This work is based on a number of selected lawsuits, where copyright holders tried to enforce their rights against Internet users suspected of illegal file-sharing.
A common feature of the cases was that users were normally only partially identifiable through their IP address. Users’ real identity was known only by ISPs (Internet Service Providers), who gave them Internet connection. Thus, copyright holders asked ISPs to provide them with users’ real identities. ISPs have sometimes refused to collaborate, forcing copyright holders to sue them in order to obtain a judicial provision imposing the disclosure of users’ data. Hence, a vibrant conflict between users’ data protection and copyright holders’ enforceable rights arose.
Employing a comparative approach, the case study explores the way judges solved this conflict. The comparison involves the European system (with particular regard to Italy), as well as the USA and Canada.
The book has two goals, which are strictly intertwined one with the other.
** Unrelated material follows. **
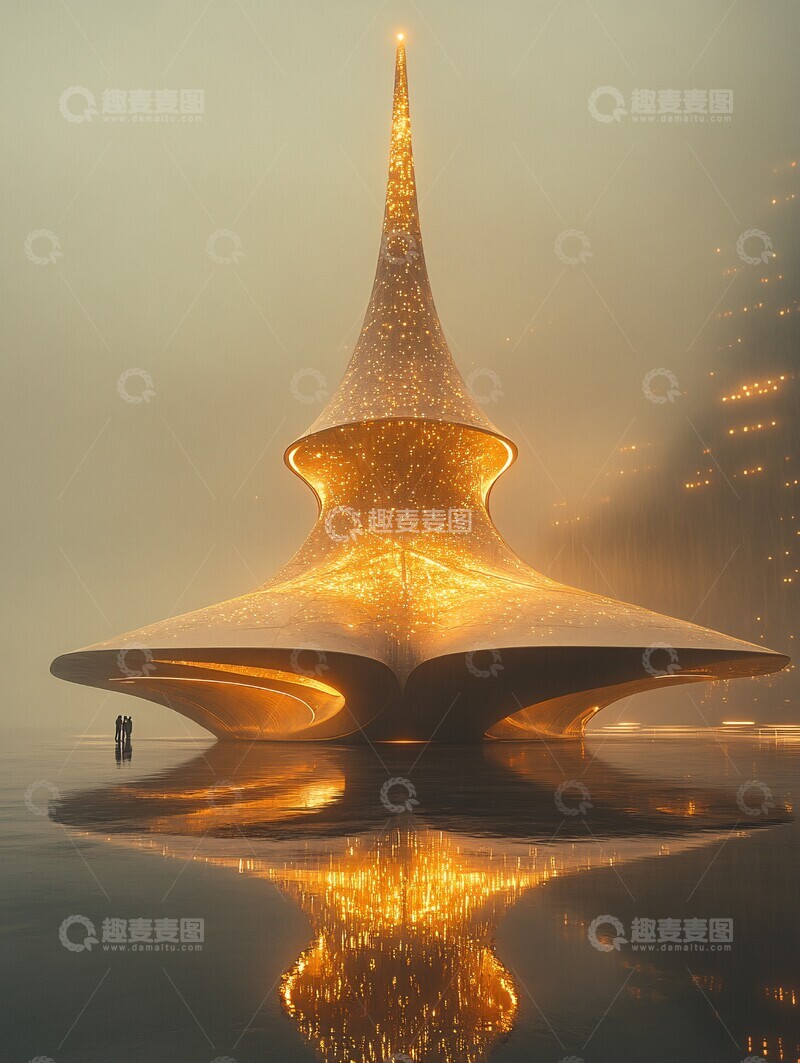 高清大图下载【趣麦麦图】未来圣诞树未来圣诞树中心1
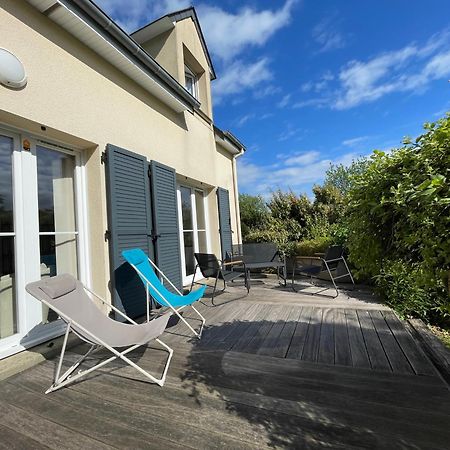 Maison Calme Et Cosy A Port-En-Bessin Pres Du Golf Et De La Mer Exterior foto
The primary goal is to analyze the cases and the regulatory frameworks concerning both privacy and copyright in the three systems under scrutiny, in order to show that the decisions were the by-products of different policy conceptions of the two conflicting rights.
A second goal of the book is, in the wake of existing literature, to stimulate further the debate on the role that judges have in balancing conflicting rights. In connection with this second goal, the book will also shed some light on the possible influence of policy and culture on judicial decisions, applying a contextual analysis.